Last Saturday,  hundreds of thousands  of Americans visited gun shops, shooting ranges, or staged rallies in support of the 2nd Amendment.

Dozens of rallies and protests took place across the country, from Boise to New York, from Texas to South Dakota.  2,000 turned up at the capitol of New York, Albany, while another 1,000 rallied in Connecticut.   At least 12 other states saw rallies of varying sizes at their state capitols.  Several hundred people turned out for a rally in Prosser.

Other events across the country drew anywhere from a few dozen, to hundreds of people.  Numerous reports indicated dozens of rallies in excess of 1,000 or more.   So what did the federal government think of this?

According to a report from Fox News that has resurfaced,  apparently federal security officials believe Americans exercising their First Amendment rights by way of protest are viewed as low-level terrorists.   A written exam given by the Pentagon labels protests as form of low-level terrorism.
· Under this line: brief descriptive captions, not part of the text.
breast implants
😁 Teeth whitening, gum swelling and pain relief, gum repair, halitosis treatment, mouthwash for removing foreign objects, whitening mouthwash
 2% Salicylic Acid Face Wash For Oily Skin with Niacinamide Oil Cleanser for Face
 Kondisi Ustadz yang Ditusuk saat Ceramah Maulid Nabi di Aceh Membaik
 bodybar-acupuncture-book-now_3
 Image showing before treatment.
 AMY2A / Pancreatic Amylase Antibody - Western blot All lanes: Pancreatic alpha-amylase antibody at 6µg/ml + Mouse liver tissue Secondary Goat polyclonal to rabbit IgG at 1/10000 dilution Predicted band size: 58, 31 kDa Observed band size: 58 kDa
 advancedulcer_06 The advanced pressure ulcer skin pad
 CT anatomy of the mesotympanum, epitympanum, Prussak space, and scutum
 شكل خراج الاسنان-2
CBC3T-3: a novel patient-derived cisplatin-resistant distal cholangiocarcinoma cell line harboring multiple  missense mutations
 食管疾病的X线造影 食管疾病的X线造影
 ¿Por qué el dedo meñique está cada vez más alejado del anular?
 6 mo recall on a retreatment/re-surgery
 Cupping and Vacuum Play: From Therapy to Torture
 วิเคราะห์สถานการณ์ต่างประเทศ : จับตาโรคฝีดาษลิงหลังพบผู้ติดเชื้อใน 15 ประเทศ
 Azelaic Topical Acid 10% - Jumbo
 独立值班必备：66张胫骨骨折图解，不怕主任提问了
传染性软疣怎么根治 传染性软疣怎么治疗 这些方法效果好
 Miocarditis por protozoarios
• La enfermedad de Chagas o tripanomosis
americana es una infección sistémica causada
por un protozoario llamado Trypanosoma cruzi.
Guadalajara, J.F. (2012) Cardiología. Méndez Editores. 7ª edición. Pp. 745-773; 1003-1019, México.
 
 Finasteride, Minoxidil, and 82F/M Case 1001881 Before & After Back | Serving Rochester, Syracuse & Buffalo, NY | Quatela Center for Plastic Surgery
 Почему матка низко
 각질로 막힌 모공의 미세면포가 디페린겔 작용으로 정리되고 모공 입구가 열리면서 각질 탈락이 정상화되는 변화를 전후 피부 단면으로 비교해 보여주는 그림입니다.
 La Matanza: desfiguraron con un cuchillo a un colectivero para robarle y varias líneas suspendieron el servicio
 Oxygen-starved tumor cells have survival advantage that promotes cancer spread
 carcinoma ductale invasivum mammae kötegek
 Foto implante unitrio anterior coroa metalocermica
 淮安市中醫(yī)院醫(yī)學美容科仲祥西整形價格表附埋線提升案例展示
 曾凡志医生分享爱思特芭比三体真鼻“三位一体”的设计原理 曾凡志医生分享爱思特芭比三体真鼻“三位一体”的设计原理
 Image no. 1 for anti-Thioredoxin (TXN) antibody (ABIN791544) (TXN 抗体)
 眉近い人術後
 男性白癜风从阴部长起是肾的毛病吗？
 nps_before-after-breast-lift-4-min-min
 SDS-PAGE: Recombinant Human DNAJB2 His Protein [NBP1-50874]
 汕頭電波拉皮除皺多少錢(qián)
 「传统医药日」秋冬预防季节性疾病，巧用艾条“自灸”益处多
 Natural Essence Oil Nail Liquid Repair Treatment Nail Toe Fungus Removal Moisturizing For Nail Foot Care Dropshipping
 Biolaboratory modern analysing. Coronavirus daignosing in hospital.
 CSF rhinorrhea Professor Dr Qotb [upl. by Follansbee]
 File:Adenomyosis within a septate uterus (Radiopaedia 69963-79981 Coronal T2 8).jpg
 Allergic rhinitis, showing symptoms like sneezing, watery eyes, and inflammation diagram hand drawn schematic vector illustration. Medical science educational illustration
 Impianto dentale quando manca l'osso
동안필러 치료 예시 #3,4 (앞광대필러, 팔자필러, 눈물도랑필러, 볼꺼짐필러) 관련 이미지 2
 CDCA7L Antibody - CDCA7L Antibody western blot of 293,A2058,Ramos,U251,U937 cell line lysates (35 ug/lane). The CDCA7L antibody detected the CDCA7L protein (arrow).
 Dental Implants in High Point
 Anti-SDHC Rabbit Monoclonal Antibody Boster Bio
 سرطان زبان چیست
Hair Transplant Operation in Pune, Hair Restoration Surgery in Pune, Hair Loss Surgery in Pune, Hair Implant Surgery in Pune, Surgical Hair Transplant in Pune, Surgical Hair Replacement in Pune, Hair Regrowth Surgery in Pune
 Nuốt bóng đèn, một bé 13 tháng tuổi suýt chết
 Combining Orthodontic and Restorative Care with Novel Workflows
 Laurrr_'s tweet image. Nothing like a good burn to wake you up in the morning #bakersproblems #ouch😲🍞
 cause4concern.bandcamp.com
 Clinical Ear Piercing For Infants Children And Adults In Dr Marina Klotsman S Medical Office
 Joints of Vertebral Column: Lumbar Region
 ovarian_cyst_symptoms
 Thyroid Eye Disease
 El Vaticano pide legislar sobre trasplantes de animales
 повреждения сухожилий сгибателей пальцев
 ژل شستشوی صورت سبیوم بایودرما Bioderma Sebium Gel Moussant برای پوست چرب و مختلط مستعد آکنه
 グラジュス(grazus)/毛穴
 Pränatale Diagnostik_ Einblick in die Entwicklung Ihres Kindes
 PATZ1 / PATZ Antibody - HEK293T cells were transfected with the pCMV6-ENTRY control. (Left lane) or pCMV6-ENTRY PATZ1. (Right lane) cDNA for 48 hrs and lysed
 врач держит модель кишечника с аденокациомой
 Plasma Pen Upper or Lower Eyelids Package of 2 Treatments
The exam is part of a Department of Defense routine employee training.   It includes a very interesting multiple-choice question.   From the Fox News report:

The written exam, given as part of Department of Defense employees’ routine training, includes a multiple-choice question that asks:

“Which of the following is an example of low-level terrorism?”

— Attacking the Pentagon

— IEDs

— Hate crimes against racial groups

— Protests

The correct answer, according to the exam, is "Protests."

Since this report surfaced, Pentagon officials say they have reworked the tests and removed that question.  But critics say the intent of the question is just one of a number of areas where the federal government appears to viewing it's own citizenry as a threat. The Pentagon has not offered evidence that that question has indeed been removed from Defense Department employee training.

The most recent version of what is called the National Defense Authorization Act passed by Congress contains language that would allow Americans or people who are here lawfully to be detained by the government.   The clause that allows for that is called Authorization for use of Military Force, or AUMF.

This allows the government to detain citizens it believes are engaged in threatening or terrorist-type activities.    Referring to the preceeding Pentagon test, where protestors were viewed as low-level terrorists,  this could be considered alarming.

Apparently, however, certain types of protests are not viewed as low-level terrorism though.  If that were the case, the Occupy Wall St. movements across the country would have filled federal jails with thousands of people.   It's only when certain political groups become active that the feds appear to pay close attention.